→ **Assignment**: Print exactly the lines below between the line containing "Transit Auto KBB-118905" and the line containing "Вибратор с клиторальным", counting both of those lines. Leave pictures out.

→ **Supplied entries**:
↓

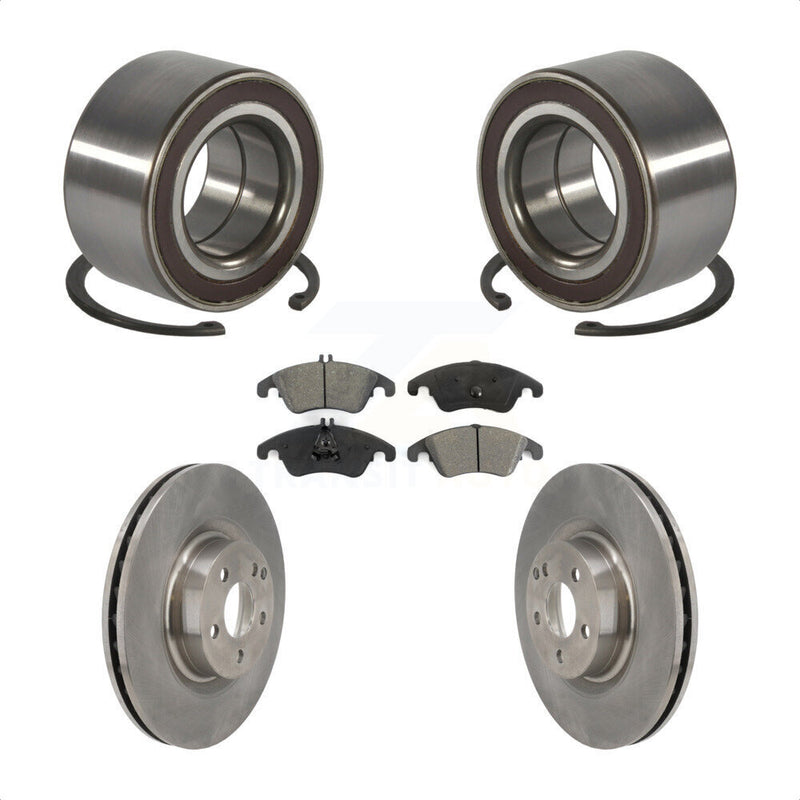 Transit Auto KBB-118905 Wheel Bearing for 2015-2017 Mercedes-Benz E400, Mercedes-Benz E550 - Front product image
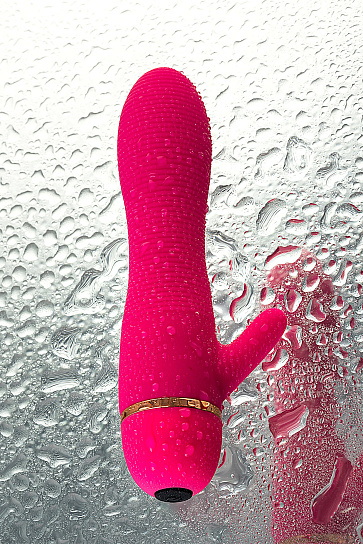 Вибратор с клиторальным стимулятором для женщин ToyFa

↑
↓

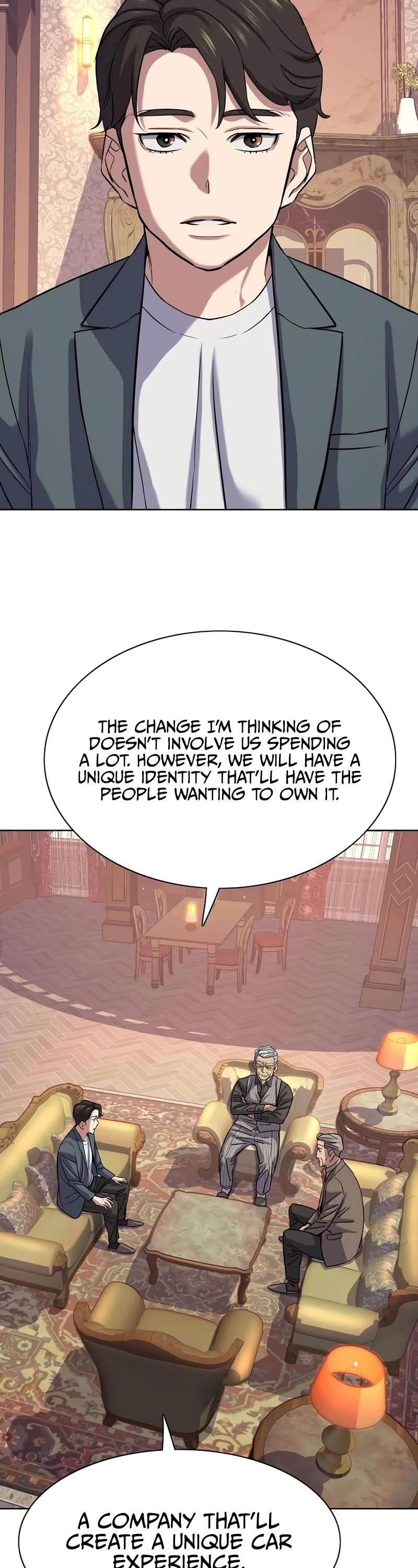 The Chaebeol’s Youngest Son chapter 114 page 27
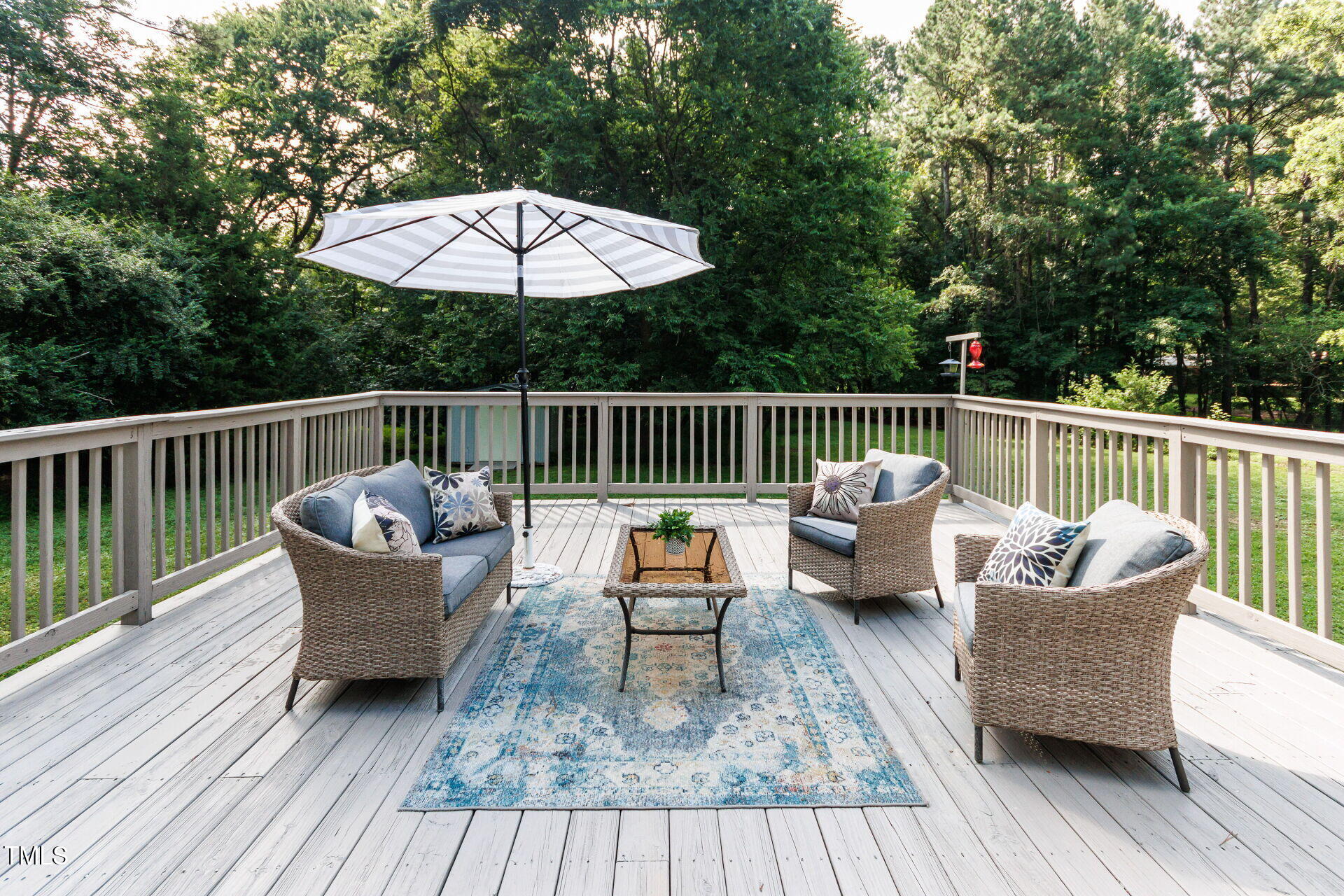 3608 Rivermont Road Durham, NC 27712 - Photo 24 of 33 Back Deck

↑
↓

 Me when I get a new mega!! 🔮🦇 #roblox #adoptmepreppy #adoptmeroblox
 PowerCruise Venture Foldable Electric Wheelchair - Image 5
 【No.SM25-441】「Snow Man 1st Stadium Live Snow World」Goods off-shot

↑

→ **Answer to this problem**:
 Transit Auto KBB-118905 Wheel Bearing for 2015-2017 Mercedes-Benz E400, Mercedes-Benz E550 - Front product image
 Вибратор с клиторальным стимулятором для женщин ToyFa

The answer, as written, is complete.